Exercise goal
Once you find the line with "Audi Q5 * Komfort" in the listing below, please repeat it and every later line exactly, through the last one, without pictures.

● ● ●

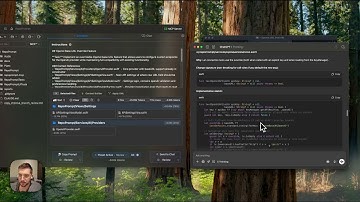 Repo Prompt 1.4: Presets & Agent Workflows (with GPT-5 Pro)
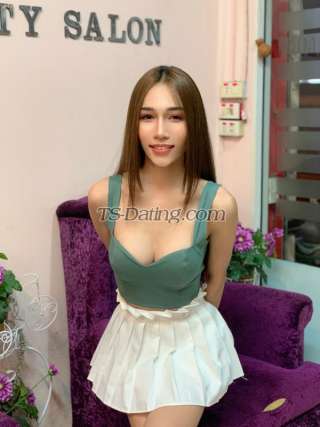 trans girl Hana21 2432707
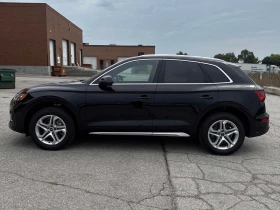 Audi Q5 * Komfort * CARFAX *    | Mobile.bg    2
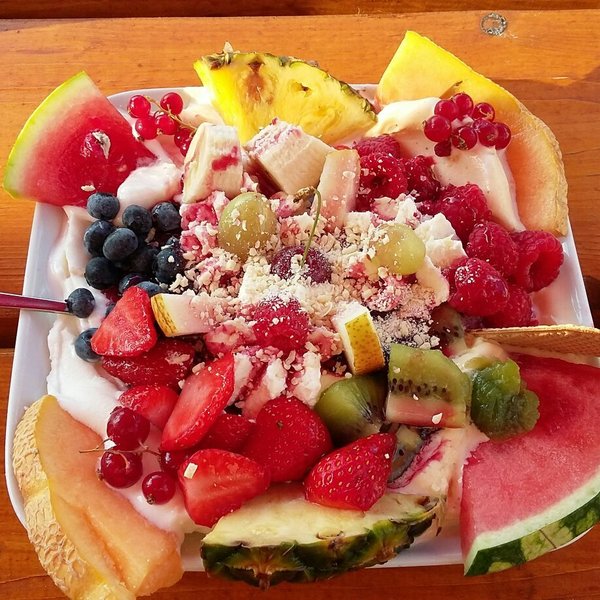 THE BEST Cafés in Hellenthal (Updated 2024) - Tripadvisor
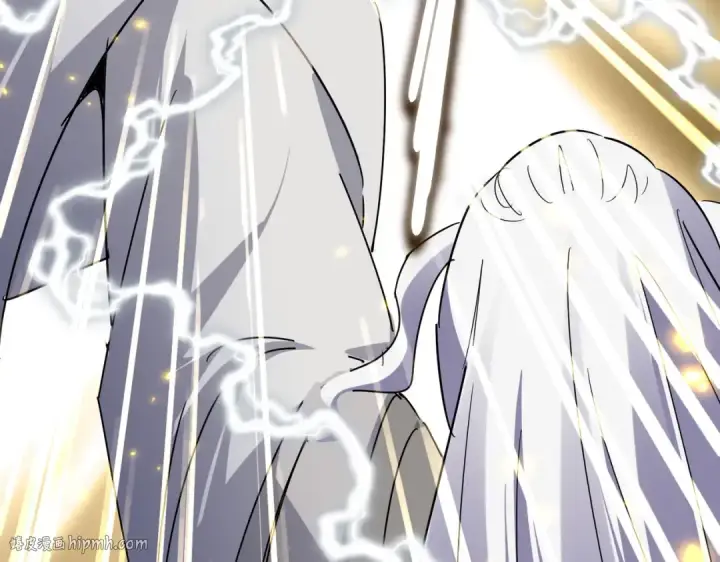 《魔皇大管家》第682话 天行宗到访图72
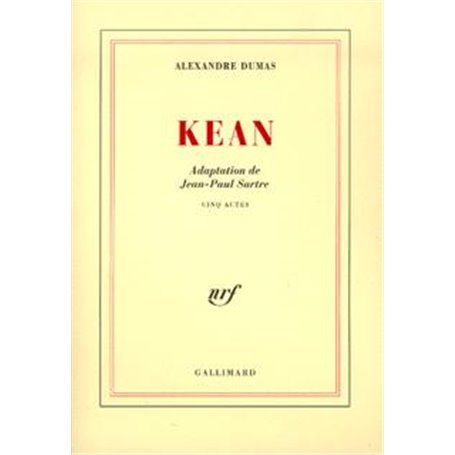 Kean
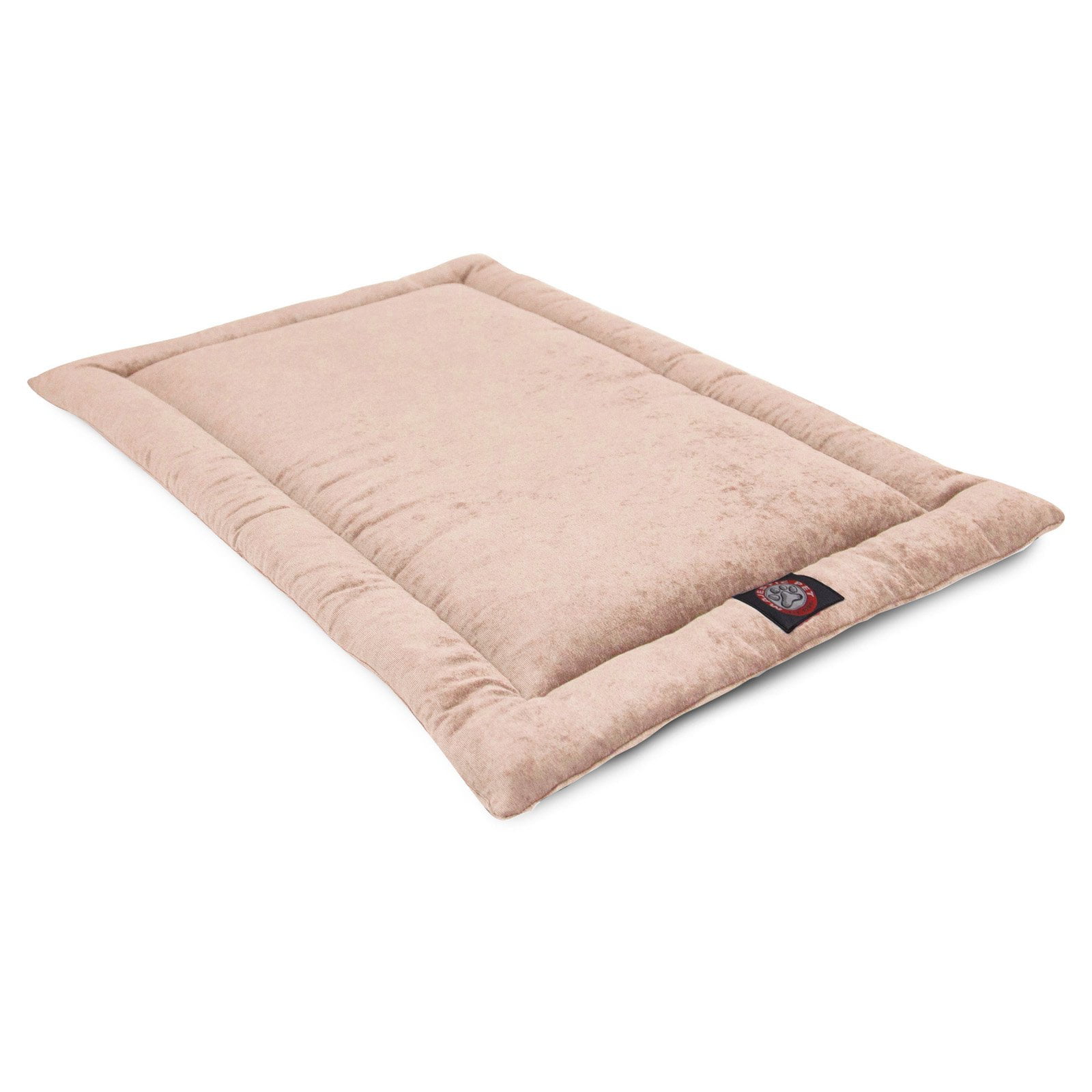 Majestic Pet Dog Crate Pad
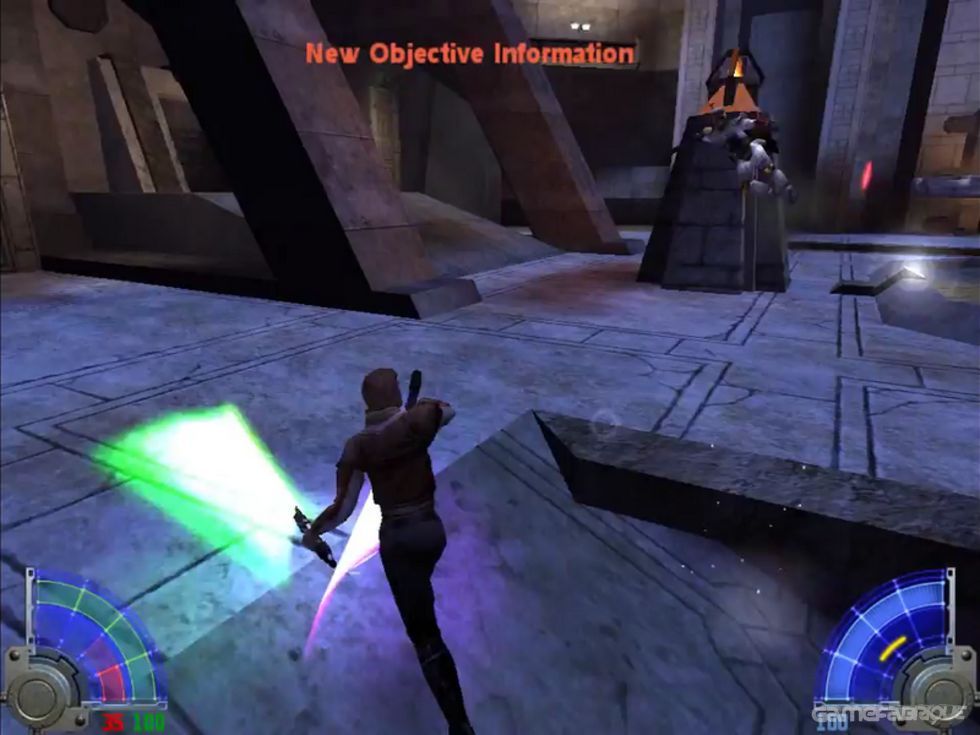 jedi academy mods graphics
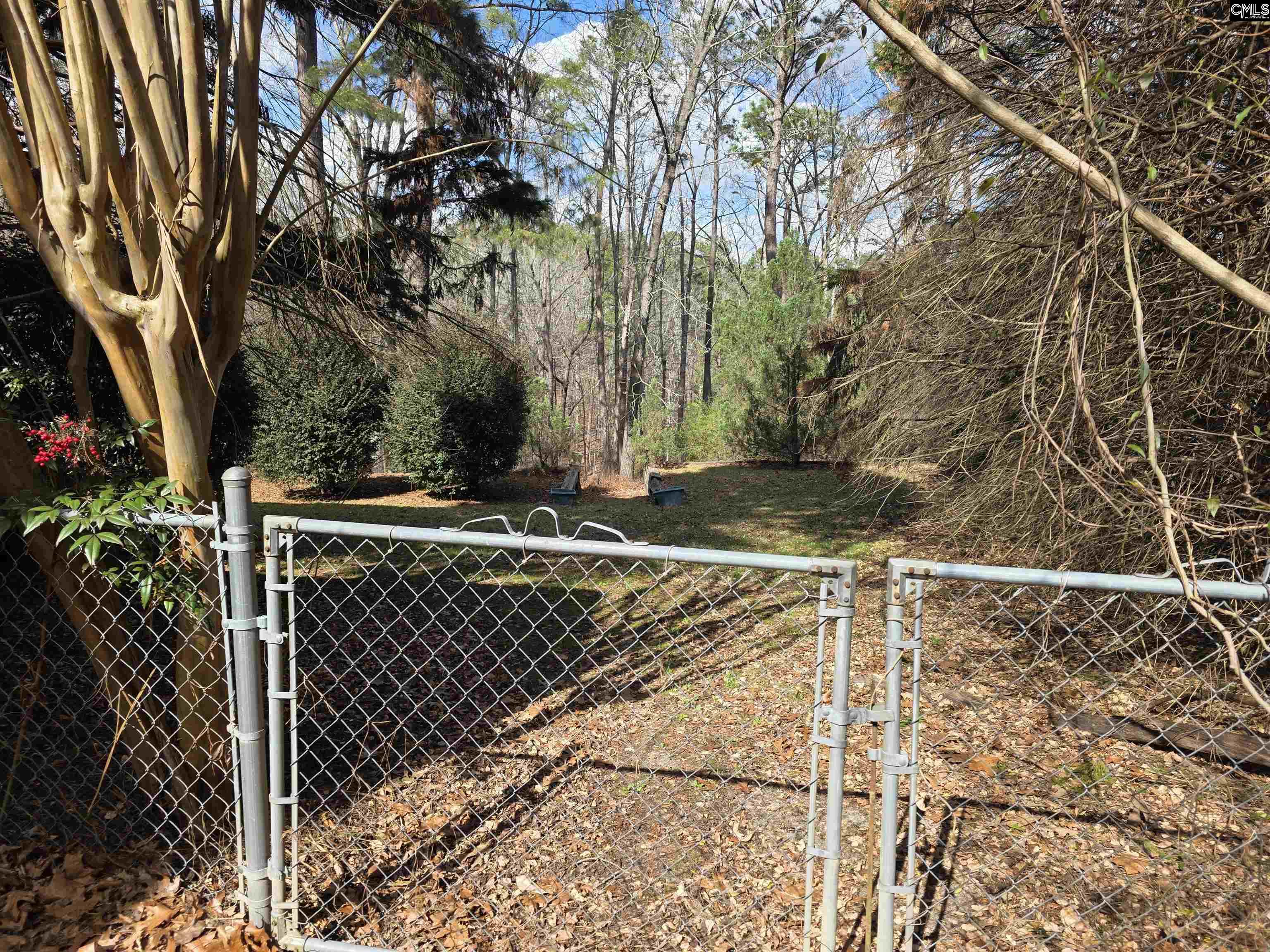 1415 Ridge Road Hopkins, SC 29061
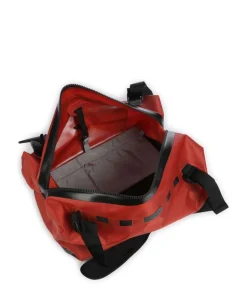 Lite 40 Weekender hellrot 53 cm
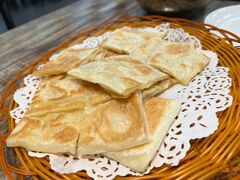 -九號渔港·蒸汽海鲜·粤菜茶点(八卦岭店)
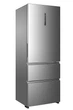 Холодильник Haier A3FE742CMJ - зображення 9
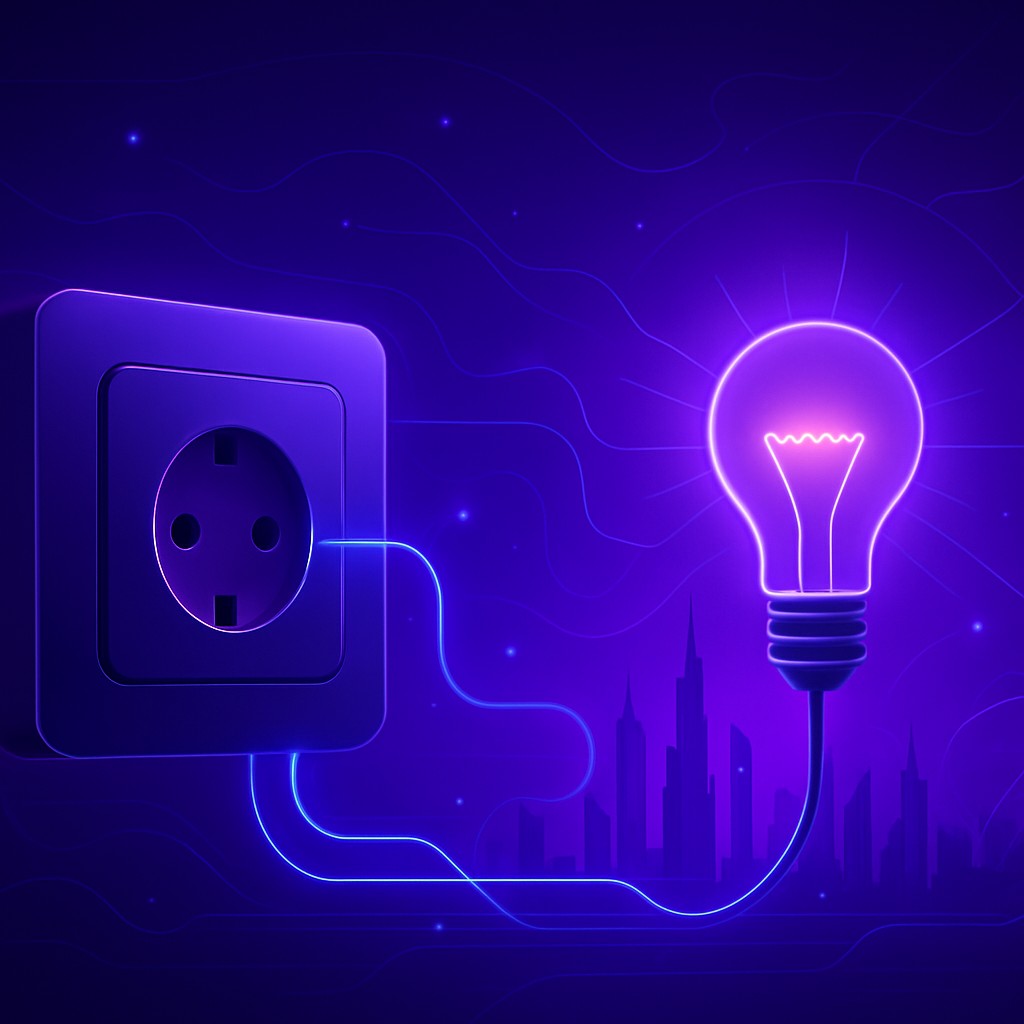 Top 10 Best Electricians in UAE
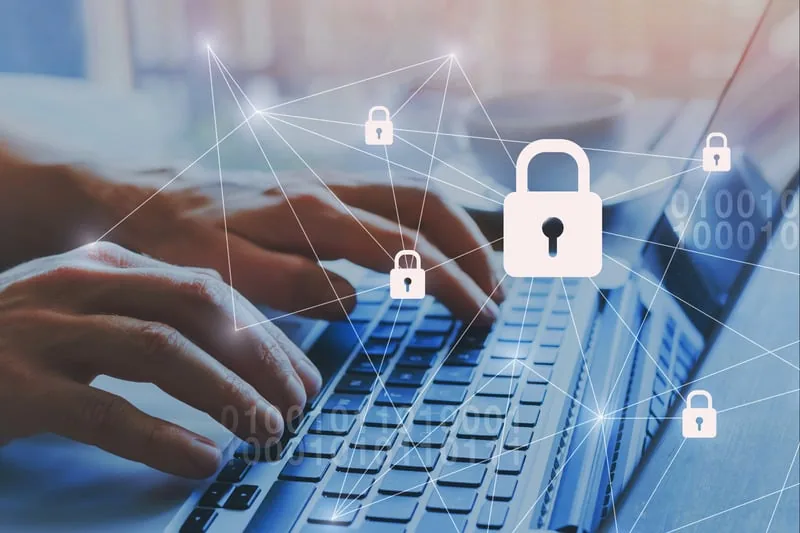 Panel: Securing Privacy and Ethics in the Age of Innovation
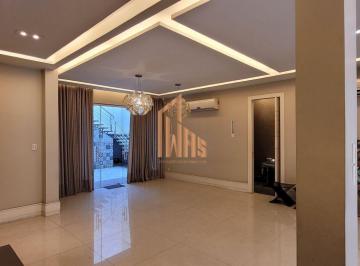g8cxnk2ntrlndg4mda4mtax_md · Conjunto Basa casa 3 pavimentos 4/4 sendo 3 suítes! Garagem ampla! Oportunidade.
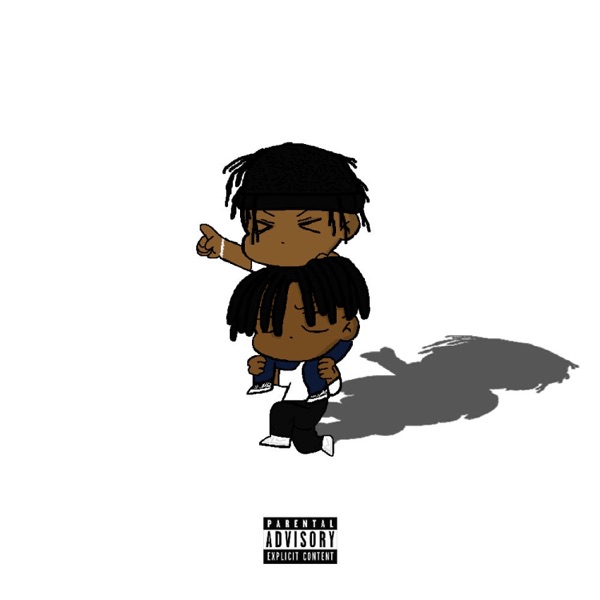 To the Sky (feat. Kanii) - Single album cover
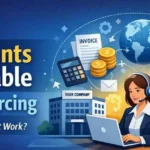 Accounts Payable Outsourcing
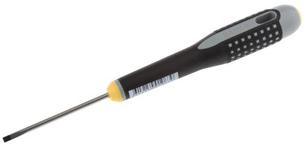 BE-8020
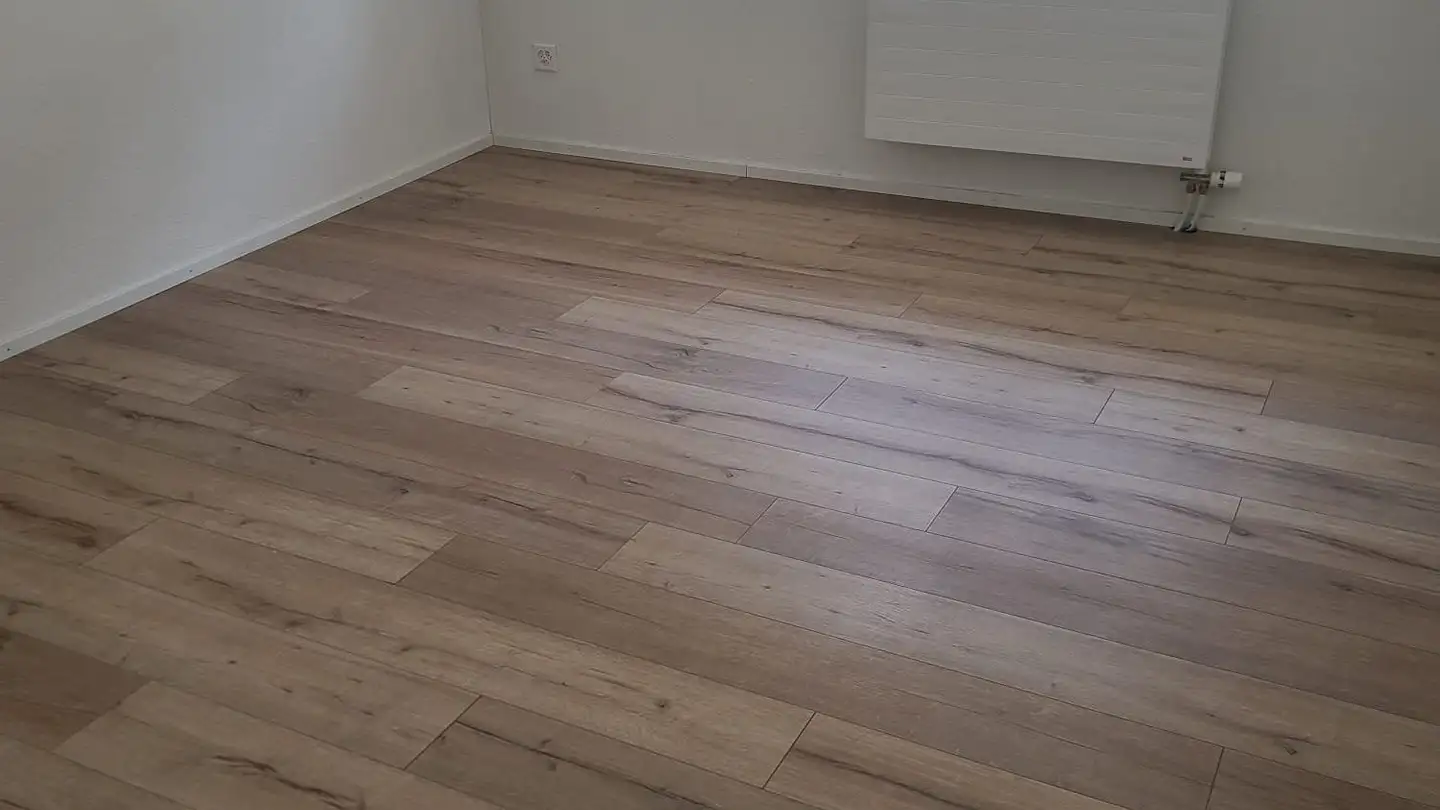 Appartement à louer - Hintergasse 15, 8213 Neunkirch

● ● ●

Answer
 Audi Q5 * Komfort * CARFAX *    | Mobile.bg    2
 THE BEST Cafés in Hellenthal (Updated 2024) - Tripadvisor
 《魔皇大管家》第682话 天行宗到访图72
 Kean
 Majestic Pet Dog Crate Pad
 jedi academy mods graphics
 1415 Ridge Road Hopkins, SC 29061
 Lite 40 Weekender hellrot 53 cm
 -九號渔港·蒸汽海鲜·粤菜茶点(八卦岭店)
 Холодильник Haier A3FE742CMJ - зображення 9
 Top 10 Best Electricians in UAE
 Panel: Securing Privacy and Ethics in the Age of Innovation
g8cxnk2ntrlndg4mda4mtax_md · Conjunto Basa casa 3 pavimentos 4/4 sendo 3 suítes! Garagem ampla! Oportunidade.
 To the Sky (feat. Kanii) - Single album cover
 Accounts Payable Outsourcing
 BE-8020
 Appartement à louer - Hintergasse 15, 8213 Neunkirch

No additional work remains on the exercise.